FastAPI backend that powers the ReadMe desktop app. It runs entirely on an Azure Linux VM (or any Linux host) and keeps parsing, TTS, annotations, and caching local to the machine.
- PDF/EPUB/TXT/DOCX ingestion with PyMuPDF, pdfplumber, ebooklib, and docx2txt.
- Structured chapter/paragraph JSON stored under
/var/readme_cache/books/<uuid>/text.json. - Coqui/TTS-based speech synthesis using the Tacotron2 DDC voice, with cached output in
/var/readme_tts. - SQLite metadata + annotations stored under
~/readme/db/readme.db. - REST API for the Electron client:
POST /api/books/import– upload a document and receive structured text + metadata.GET /api/books/GET /api/books/{book_id}– list books or fetch structure for one.POST /api/books/{book_id}/progress– persist reader location.POST /api/tts/GET /api/audio/{filename}– create and stream audio.POST /api/annotate/GET /api/annotations/{book_id}– manage notes.
python3 -m venv .venv
source .venv/bin/activate
pip install --upgrade pip
pip install -r requirements.txtThe directories defined in app/config.py are created on import, so ensure the user running the service has permissions to /var/readme_cache and /var/readme_tts.
uvicorn app.main:app --host 0.0.0.0 --port 5000On Azure, wrap the process with systemd (not yet committed here) so it auto-starts on boot and recovers on failure.
All settings can be overridden via environment variables prefixed with README_. For example:
export README_STORAGE_ROOT=/data/readme_cache
export README_TTS_ROOT=/data/readme_tts
export README_DB_PATH=/data/readme.db
export README_COQUI_MODEL=tts_models/en/ljspeech/tacotron2-DDC
export README_COQUI_API_URL=http://localhost:5002/api/tts
export README_COQUI_API_TIMEOUT=60- Uploads are limited to the extensions in
SUPPORTED_EXTENSIONSinsideapp/api/routes/books.py. - Keep payload sizes under ~200 MB per the PRD to avoid OOM during ingestion.
- Use
/api/audio/{filename}to stream generated WAVs after calling/api/tts.
Set README_COQUI_API_URL when you want Coqui to run in a separate container (instead of importing the Python package in-process). When configured, the backend POSTs {"text": "..."} to that URL and expects JSON containing either an audio_path, an audio_base64 field, or an audio_url.
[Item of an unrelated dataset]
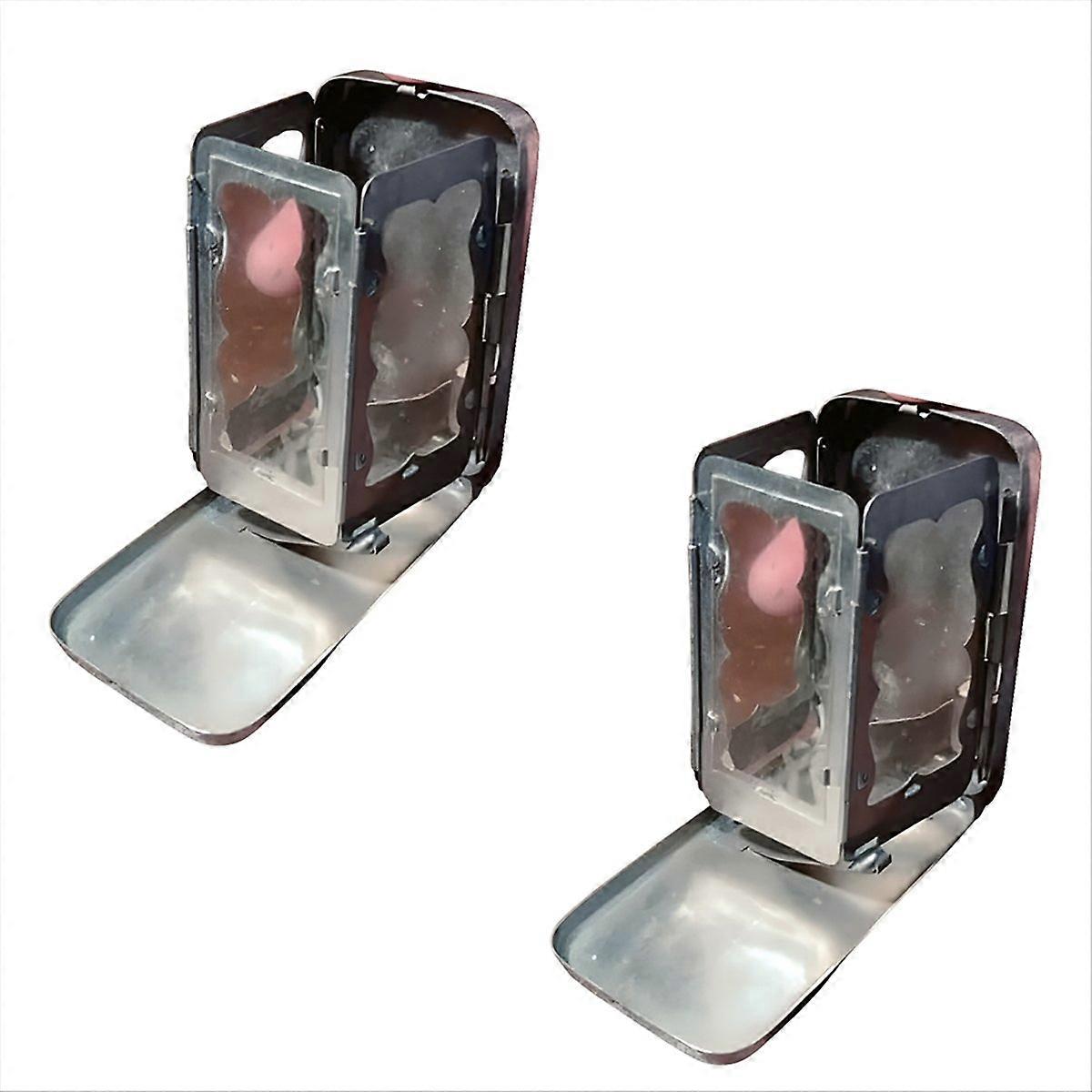 Vintage-taschenkerzenlampe Zum Zusammenklappen, Kompaktes Retro-modell, Tragbare Faltleuchte, Antik-finish, Mini-transportgröße.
If the container writes directly into /var/readme_tts, just share the volume with the backend and return the absolute audio_path. Otherwise return audio_base64 so the backend can persist the WAV locally.
Example Coqui container (replace the image/tag if you maintain your own):
docker pull ghcr.io/coqui-ai/tts-cpu
docker run --rm -p 5002:5002 \
-v /var/readme_tts:/var/readme_tts \
ghcr.io/coqui-ai/tts-cpu \
tts-server --model_name tts_models/en/ljspeech/tacotron2-DDC --use_cuda 0With the container running you can point the backend at it:
export README_COQUI_API_URL=http://localhost:5002/api/tts
uvicorn app.main:app --host 0.0.0.0 --port 5000- Add real chapter detection + cover extraction during ingestion.
- Implement the summarization endpoint (
/api/summarize) when local models are finalized. - Wire up authentication + bearer tokens if the VM ever exposes the API directly.